Dans une
lettre et un rapport dont LEXPRESS.fr et France Info ont eu connaissance, Reza
Pahlavi, le fils du dernier chah d'Iran, demande au Conseil de sécurité de
l'ONU de saisir la Cour pénale internationale pour poursuivre le Guide suprême,
l'ayatollah Ali Khamenei.
Reza
Pahlavi, le fils du dernier chah d'Iran renversé par la révolution islamique de 1979, a tenu
promesse : en décembre, il s'était engagé à finaliser une lettre et un dossier
sur lesviolations des droits de l'homme dans son pays, et à envoyer
l'ensemble aux membres du Conseil de sécurité de l'ONU. C'est désormais chose
faite : ces documents, dont LEXPRESS et France Info ont eu connaissance en
exclusivité, sont adressés aujourd'hui aux chefs d'états concernés, parmi
lesquels Nicolas Sarkozy.
Cette
démarche s'inscrit dans le cadre du combat mené par Reza Pahlavi contre les leaders du régime,
en particulier le Guide suprême, Ali Khamenei. M. Pahlavi, âgé de 51 ans,
souhaiterait que Khamenei soit poursuivi pour crimes contre l'humanité au sens
de l'article 7 du Statut de Rome. Dans sa lettre, il appelle les pays membres
du Conseil à saisir le procureur de la Cour pénale internationale (CPI) afin
qu'il puisse ouvrir une enquête.
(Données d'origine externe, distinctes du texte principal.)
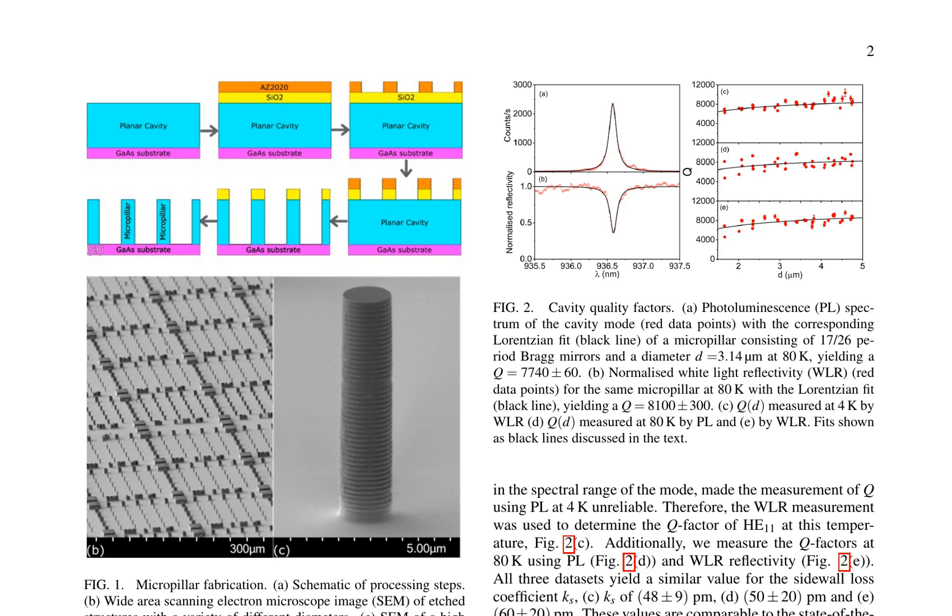Researchers have successfully developed high-quality factor micropillars for quantum light emission under resonant excitation. These micropillars are fabricated using a combination of electron beam lithography, inductively coupled plasma etching, and atomic layer deposition to minimize sidewall roughness. The quality factor of the cavities is determined through photoluminescence and white light reflectivity measurements at both 4 K and 80 K, with results showing that the sidewall loss coefficient is comparable to state-of-the-art values, indicating high-quality cavities.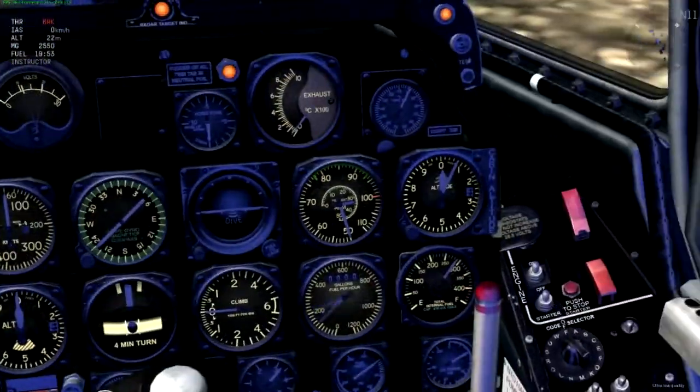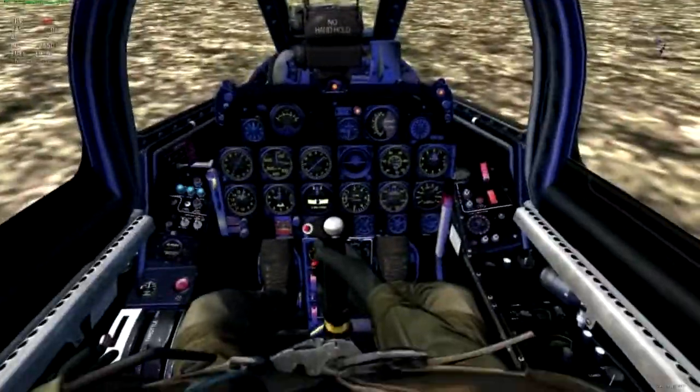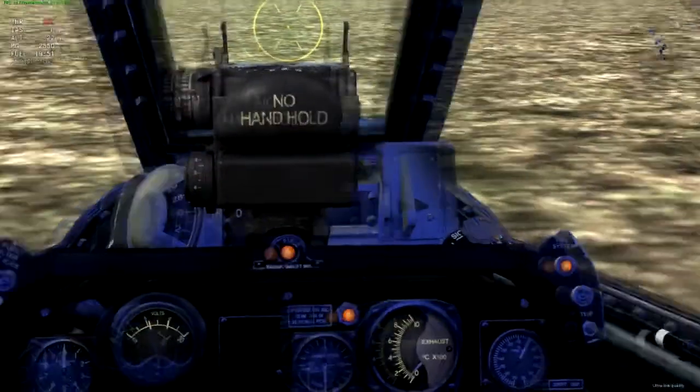I think it looks pretty good to be honest. I mean, it looks weird as hell, but who wouldn't want a blue cockpit on their Sabre? I would.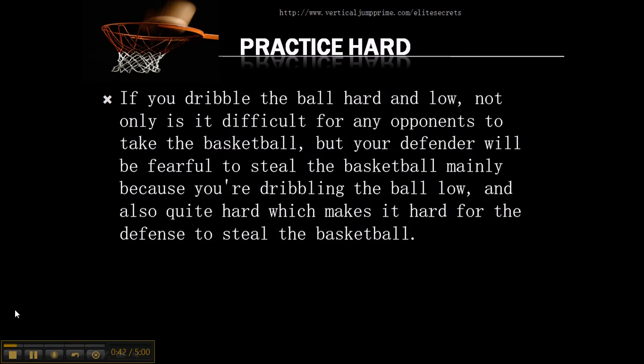If you dribble the basketball with power and dribble the basketball low, not only is it difficult for any opponents to take the ball, but your defender will be fearful to steal the basketball — mainly because you're dribbling the basketball so low and with power, which makes it hard for the defense to steal the basketball.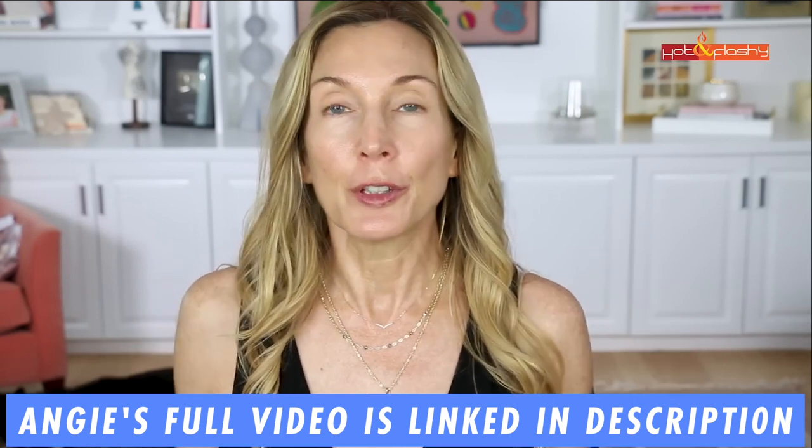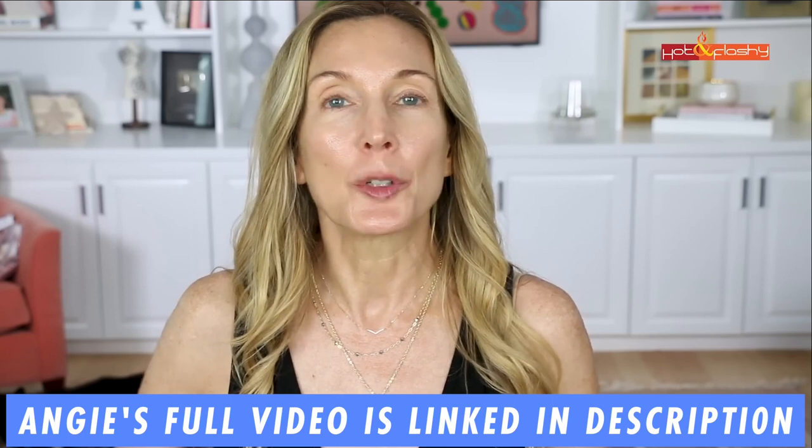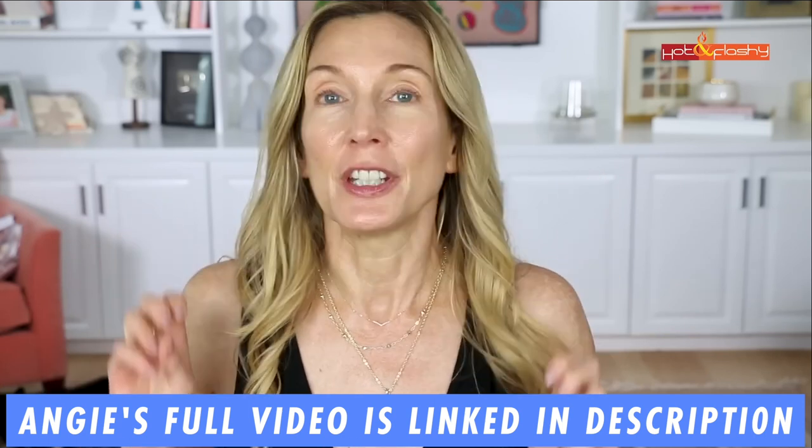Hi, it's Trina and this is Beauty Beyond 40. Today's video is going to be all about makeup. I have been wanting to do this video for such a long time. A few months ago, I saw Angie of Hot and Flashy on YouTube do this lifting makeup tutorial where she showed do's and don'ts for mature skin. In today's video, I'm going to do a full face tutorial showing you how to get your makeup to help as you get older to uplift your face or give you a makeup facelift, if you will.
Il dénonce la " réélection frauduleuse
" du président Mahmoud Ahmadinejad en juin 2009 et accuse Ali Khamenei -
son supérieur dans la structure du pouvoir en Iran - d'être le "principal
responsable de tous les crimes commis contre les citoyens iraniens".
L'Iran n'a
pas ratifié le statut de Rome, fondement juridique de la CPI. Celle-ci ne peut
inculper un individu que si les crimes en question ont été commis sur le
territoire d'un Etat partie ou s'il est ressortissant d'un Etat partie. Mais
une enquête peut être ouverte par le procureur à la demande d'un Etat partie ou
de sa propre initiative. Le Conseil de sécurité de l'ONU peut également charger
le procureur d'enquêter. Dans ce cas, la juridiction de la CPI peut s'étendre à
un Etat non partie au Statut de Rome, comme ce fut le cas pour la Côte d'Ivoire
et la Libye en 2011.
"Pas
un manifeste politique", "un acte de nature judiciaire"
Reza
Pahlavi, qui vit en exil depuis 33 ans et partage son temps entre paris et
Washington, bénéficie d'une assise politique très limitée dans son pays. Mais
sa voix est encore audible à l'étranger. D'où cette démarche auprès du Conseil
de sécurité. Pour l'appuyer, il transmet aux pays concernés un rapport de 41
pages intitulé "Crimes contre l'humanité en Iran", dans lequel il se
dit porteur, avec certains de ses compatriotes, d'un "projet
démocratique".
Ce document,
présenté comme "le fruit d'un travail mené avec des avocats et des
défenseurs des droits de l'homme", revient d'abord sur l'élection présidentielle de 2009 et les manifestations qui ont
suivi. Ses auteurs dressent ensuite une longue liste d'incidents,
d'arrestations, de scènes de viol ou de tortures. La plupart des faits
mentionnés - plusieurs dizaines au total - sont datés et localisés. Les noms
des victimes apparaissent noir sur blanc. "Ce texte n'est pas un manifeste
politique mais un acte de nature judiciaire", insiste Me Emmanuel Daoud,
l'avocat français de Reza Pahlavi.
Il ne
peut y avoir de justice pénale internationale à deux vitesses
D'après les
auteurs du rapport, "les dirigeants de la République islamique ont
introduit le viol dans leur arsenal de torture". Pour Reza Pahlavi et ceux
qui l'ont aidé à collecter ces informations, "l'ensemble des traitements
inhumains contre les prisonniers politiques est le résultat d'un plan élaboré
au niveau national".
Ils
annoncent d'ores et déjà qu'un autre rapport, actuellement en préparation,
complètera celui-ci et "apportera davantage d'éléments confirmant
l'implication des dirigeants de la République islamique". Pour Me Daoud,
"il ne peut y avoir de justice pénale internationales à deux
vitesses", et rien n'empêche, du moins en théorie, les membres du conseil
de sécurité d'agir avec l'Iran comme ils l'ont fait avec la Libye ou la Côte d'Ivoire.